LOS ANGELES — Former Hollywood executive Harris Katleman has an eclectic, five-decade track record that could only be the result of skill, moxie and luck.
He championed the Oscar-winning film adaptation of the World War II novel “From Here to Eternity,” made the impresarios behind “The Price Is Right” wealthier and helped “The Simpsons” become an unlikely TV wunderkind. His platinum-level business circle included media tycoons Rupert Murdoch, Robert Iger and Kirk Kerkorian.
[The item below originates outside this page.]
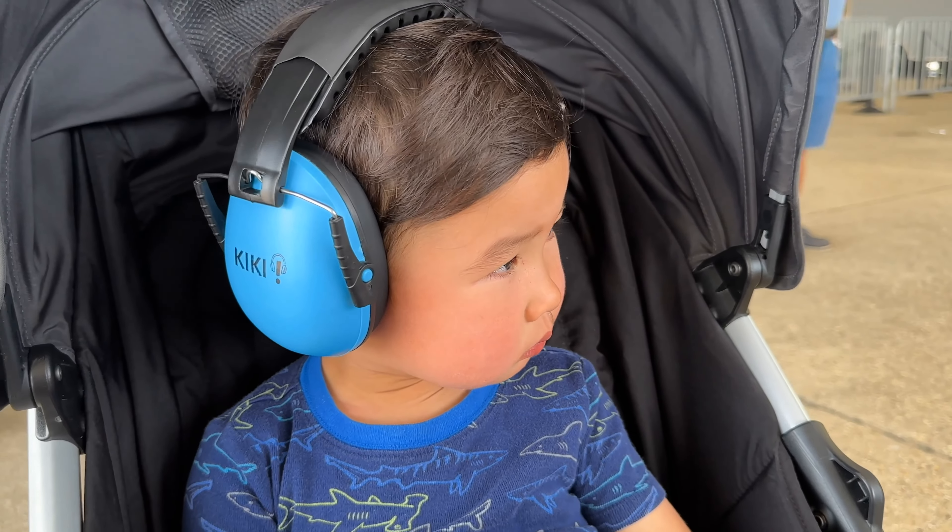I actually really love that — it's smart thinking. I'm going to put these in the case. When we go to the Blue Angels, the colors match right there, so I might actually use the earplugs while the kid uses the earmuffs, and we will see how they work.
“I’m consistently, in my own psyche, amazed at what I accomplished,” Katleman, 90, said in an interview about his new memoir, which details his career highlights and the demanding, colorful industry he navigated. The book takes its title from an exchange with Kerkorian, who wanted him to head then-struggling MGM Television.
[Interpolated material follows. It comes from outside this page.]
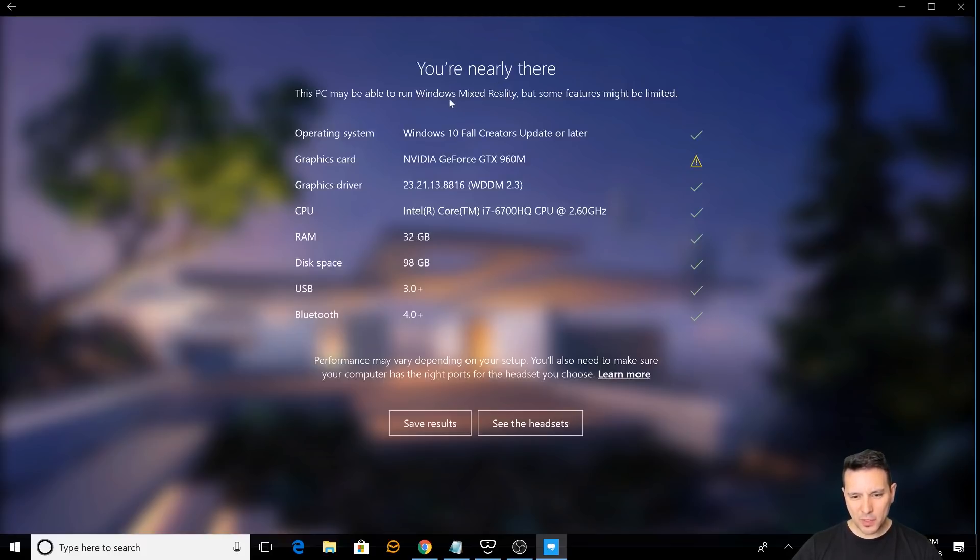This PC may be able to run Windows Mixed Reality, but some features might be limited. Operating system: Windows 10 Creators Update or later — check. Graphics card: NVIDIA GeForce GTX 960M — that's the only problem here. Graphics driver is okay. CPU is an i7 — okay. RAM is 32GB — okay. USB 3.0 and Bluetooth 4.0 are both important and present.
“I don’t know how to run a studio,” Katleman told him.
“Neither do I,” replied Kerkorian. “You can’t fall off the floor.”
Katleman made a success of his time at MGM, as he had as an industry novice under the tutelage of MCA titan Lew Wasserman; with game show producers Mark Goodson and Bill Todman, and as chief executive of Fox’s Twentieth Television for more than a decade. It was often a wild ride, one described concisely and unabashedly, expletives included, in “You Can’t Fall Off the Floor” (Rosetta Books, $27.99), co-authored by Katleman and his grandson, writer Nick Katleman.